KĀNA published by Imagicasa

A vision shared is sometimes worth twice as much. K-House is a joint effort between Kāna Objects and Kacper Niezabitowski in Northern Italy. Shrouded in a defining openness, the project addresses the pristine nature of materiality and a respect for craftsmanship, down to the millimetre. This minimalist pavilion concept plays on the incoming daylight, enlarging and stretching it until it produces its own dimension.

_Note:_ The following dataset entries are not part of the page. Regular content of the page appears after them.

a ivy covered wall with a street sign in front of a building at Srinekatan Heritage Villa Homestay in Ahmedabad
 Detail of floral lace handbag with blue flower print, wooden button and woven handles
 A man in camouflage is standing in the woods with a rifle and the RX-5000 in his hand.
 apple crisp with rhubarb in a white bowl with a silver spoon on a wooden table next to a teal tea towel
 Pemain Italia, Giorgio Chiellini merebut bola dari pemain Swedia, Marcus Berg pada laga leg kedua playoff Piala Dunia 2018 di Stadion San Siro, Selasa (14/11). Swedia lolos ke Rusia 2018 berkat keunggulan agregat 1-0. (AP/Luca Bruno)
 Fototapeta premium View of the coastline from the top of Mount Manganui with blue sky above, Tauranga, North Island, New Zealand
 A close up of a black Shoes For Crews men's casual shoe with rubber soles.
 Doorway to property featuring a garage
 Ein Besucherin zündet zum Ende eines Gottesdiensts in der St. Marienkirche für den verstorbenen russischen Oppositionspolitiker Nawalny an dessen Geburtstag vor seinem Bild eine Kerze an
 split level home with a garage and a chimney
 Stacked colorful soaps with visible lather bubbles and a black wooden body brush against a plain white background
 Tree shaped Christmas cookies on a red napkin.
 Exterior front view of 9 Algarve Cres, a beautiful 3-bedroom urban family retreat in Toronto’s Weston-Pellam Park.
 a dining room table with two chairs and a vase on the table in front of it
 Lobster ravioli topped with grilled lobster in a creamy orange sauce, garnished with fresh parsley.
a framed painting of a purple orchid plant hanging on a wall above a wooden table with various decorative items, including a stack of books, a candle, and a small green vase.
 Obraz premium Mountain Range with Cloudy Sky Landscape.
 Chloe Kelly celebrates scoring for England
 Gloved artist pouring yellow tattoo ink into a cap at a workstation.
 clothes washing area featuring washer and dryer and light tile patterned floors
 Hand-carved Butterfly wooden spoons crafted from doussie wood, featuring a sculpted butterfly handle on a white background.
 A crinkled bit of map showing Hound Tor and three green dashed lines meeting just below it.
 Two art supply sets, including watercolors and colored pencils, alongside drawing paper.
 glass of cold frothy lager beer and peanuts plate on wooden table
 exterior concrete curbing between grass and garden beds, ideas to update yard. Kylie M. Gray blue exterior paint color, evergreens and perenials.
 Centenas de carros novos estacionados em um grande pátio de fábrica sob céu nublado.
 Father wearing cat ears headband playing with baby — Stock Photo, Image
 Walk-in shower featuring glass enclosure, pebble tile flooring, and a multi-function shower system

KĀNA objects and Kacper Niezabitowski may have followed different paths to date, but their respective interests in craftsmanship and architecture melded in this project into a collaboration that highlights both talents in all their glory. The story of Inge Lagae and furniture goes back, in essence, to the drive for design that typified her even as a child. From a young age, she was encouraged to nurture and explore her creativity. For instance, she cherishes fond memories of one of her primary school teachers, who helped her get started with ceramics, painting, and even writing plays. Later, she would study set design and live in Brussels for a while. Then, she decided to move to Indonesia, where she worked for a number of Brussels antique dealers, among others. After returning to the Belgian capital, she started combining interior design with freelance work in architecture and furniture design. She eventually decided to start designing custom-made furniture in 2005: the important step from which KĀNA objects emerged. When selecting pieces for residential projects, she noticed that she rarely really found what she was looking for. Size, colour or finish that inevitably deviated from the exact image she had in mind gave her the idea to simply start making her own designs. Trends aside, she focuses on pieces that last for years, preferably several decades, and also simply get more beautiful with the passage of time. In this way, she wants to contribute to slowing down our consumer-focused society. According to her, objects should have their own soul; a goal she achieves herself by ensuring that each creation is handmade and the materials are allowed to be as natural as possible. Her great love in this story is wood. Trees, in fact, have won their own place in her heart, so she loyally picks out the material herself at the sawmill before it leaves for the furniture maker. By continuously maintaining this standard, she has since created a coveted collection in which you will find designs that exude a certain primal quality.

Rich in impressions

The second part of this collaboration is reserved for Kacper Niezabitowski, a young Polish architect still studying but not unknown to us before. Despite his age, he already submitted ambitious designs in the past that clearly reflected his burgeoning vision. Like Belgian Lagae, he has an appreciation for organic and rugged materials. Think natural oak and stone, raw linen, vintage hemp, and lime. Furthermore, in his earlier work we saw a characterising audacity with properties, as well as a loyalty to large spaces that never lack a lasting impression. Meanwhile, he has clearly deepened and honed that aesthetic even more, for which this project provides an ideal stage. The property in question is a residential new build on Lake Maggiore in northern Italy. While he was responsible for the architectural aspect, Lagae took care of the furniture. Conceptually, the project took the form of a pavilion. For the floor plan, a U-shape was chosen, which does excellent justice to the proportions and creates a monumental atmosphere from the first step inside. One of the main objectives was to keep the material palette as natural as possible. The facades made of lime plaster proved to be essential for this. On the one hand, they strengthen the connection with the outdoor environment; on the other, they lend them – selves easily to the addition of large openings towards the lake. Inside, for example, you can notice solid oak, as in the form of sliding doors, and the repeated integration of natural elements. A fitting example is the tree stumps that separate the dining room from the entrance hall, composing a kind of corridor. Rough, smoked oak, in turn, is the material of choice in the kitchen, which is also custom-made.